An Ubuntu host cannot serve NFS exports until the server package, kernel daemon, and systemd unit are present. Installing the packaged server path gives the host rpc.nfsd, exportfs, /etc/exports, and the service unit that later exports use when clients mount shared directories.

Current Ubuntu Server releases install the server through the distribution nfs-kernel-server package. The package also pulls in the common client utilities and rpcbind support, but it does not decide which directory to share, which clients may mount it, or which NFS protocol versions and security modes should be allowed.

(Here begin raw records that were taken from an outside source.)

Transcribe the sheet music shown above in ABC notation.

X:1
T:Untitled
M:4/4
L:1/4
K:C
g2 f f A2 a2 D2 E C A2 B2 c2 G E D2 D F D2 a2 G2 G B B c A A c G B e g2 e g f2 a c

The base install is complete when APT reports nfs-kernel-server installed, rpc.nfsd and exportfs are available, and systemd can start nfs-server.service on the host. On current packages, nfs-kernel-server.service is an alias for nfs-server.service; exports, firewall rules, Kerberos, and NFSv4-only policy remain separate follow-up tasks.

Steps to install an NFS server on Ubuntu:

  1. Open a terminal with sudo privileges on the Ubuntu server.
  2. Refresh the package index.
    $ sudo apt update
  3. Install the NFS server package.
    $ sudo apt install --assume-yes nfs-kernel-server

    The nfs-kernel-server package installs the server-side pieces. Client-only hosts use nfs-common instead.

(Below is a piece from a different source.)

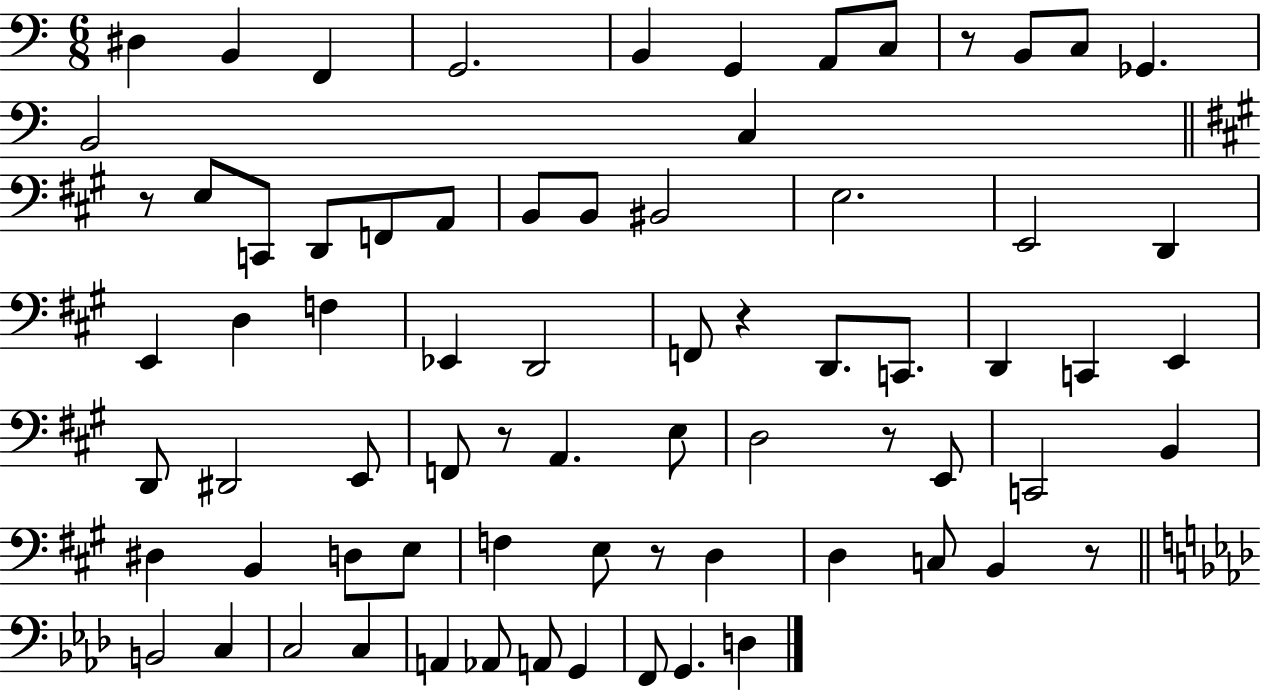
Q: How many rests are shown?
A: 7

  4. Confirm the package is installed.
    $ dpkg-query -W nfs-kernel-server
    nfs-kernel-server	1:2.8.5-1ubuntu1

    The exact version can differ between Ubuntu releases and update pockets.

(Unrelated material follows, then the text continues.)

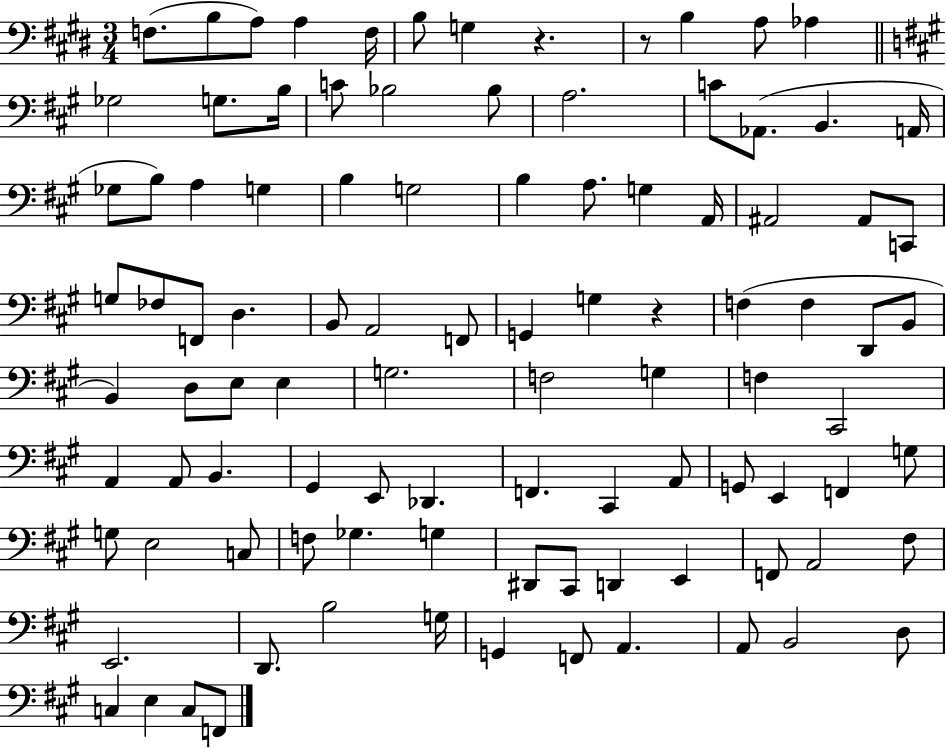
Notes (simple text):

  5. Confirm the kernel server daemon is available.
    $ command -v rpc.nfsd
    /usr/sbin/rpc.nfsd

    rpc.nfsd serves client requests through the Linux kernel NFS server. Minimal containers can prove the file exists, but a real systemd host is needed to start the service.

  6. Enable the NFS server at boot and start it now.
    $ sudo systemctl enable --now nfs-server

    Ubuntu also accepts nfs-kernel-server.service because it points to nfs-server.service on current packages.

  7. Confirm the NFS server unit is active.
    $ sudo systemctl is-active nfs-server
    active

    If this command does not return active, inspect sudo journalctl -u nfs-server before adding exports or opening firewall rules.

  8. Confirm the export management command is available.
    $ command -v exportfs
    /usr/sbin/exportfs
  9. Check the active export table before adding shares.
    $ sudo exportfs -v

    No output is expected on a newly installed server with no entries in /etc/exports. After adding an export, this command should show the path, client selector, and active options.

  10. Apply the firewall rule after choosing the export and protocol policy.

    NFSv4-only servers usually need inbound TCP port 2049. Servers that must support NFSv3 also need rpcbind and mountd access, and may need fixed RPC ports before firewall rules are useful.